* [DIRECTIONS]: Give back the exact lines of the material below from the one containing "Longsleeve tshirt" through the one containing "Hex Cupped Flanged Head Self Tapping Screw", and no pictures.

* [WORKING DATA]:
---
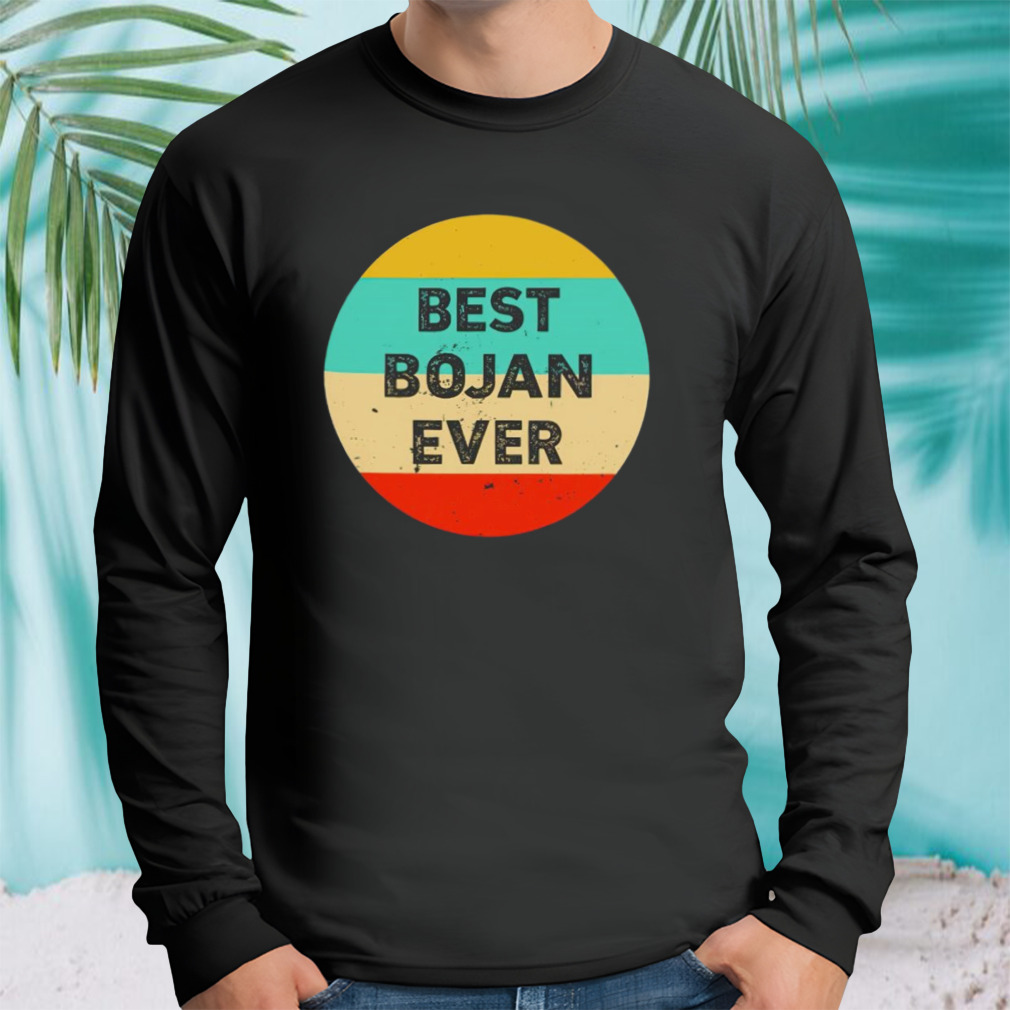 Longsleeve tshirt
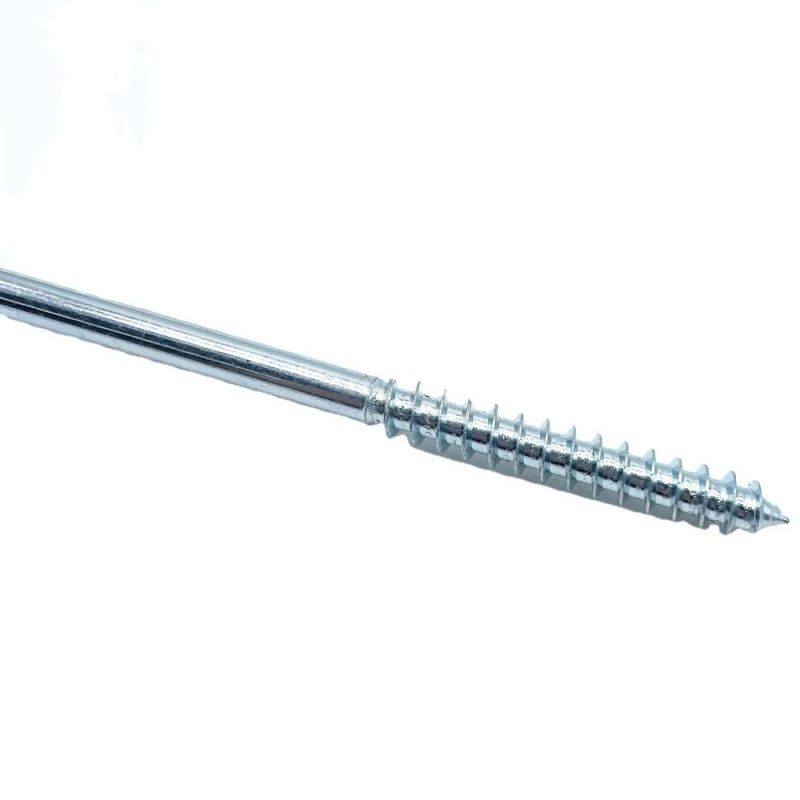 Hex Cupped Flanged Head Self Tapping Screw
---
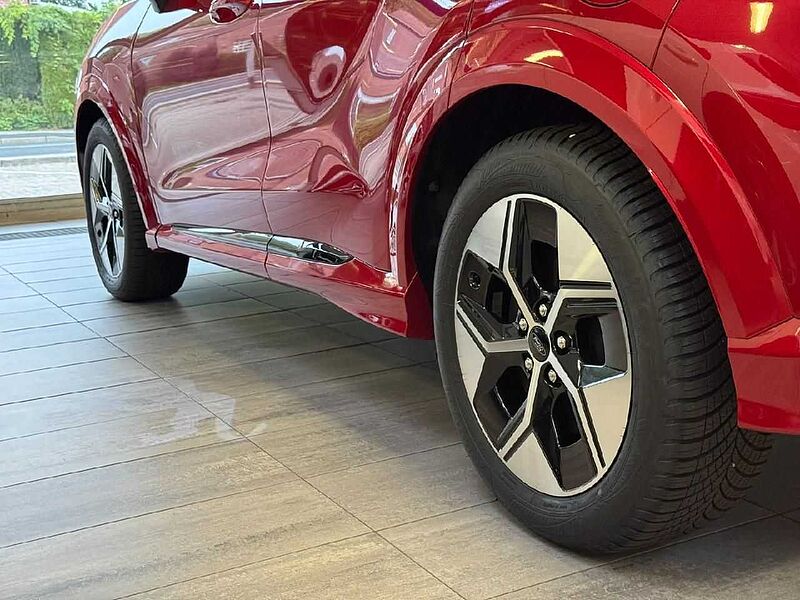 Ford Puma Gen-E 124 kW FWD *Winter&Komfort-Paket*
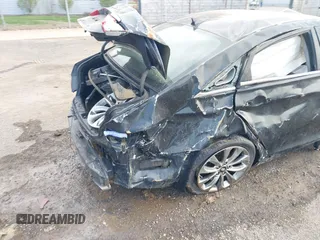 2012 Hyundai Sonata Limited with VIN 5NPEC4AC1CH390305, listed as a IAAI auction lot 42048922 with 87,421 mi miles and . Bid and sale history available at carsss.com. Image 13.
---
* [EXERCISE RESPONSE]:
 Longsleeve tshirt
 Hex Cupped Flanged Head Self Tapping Screw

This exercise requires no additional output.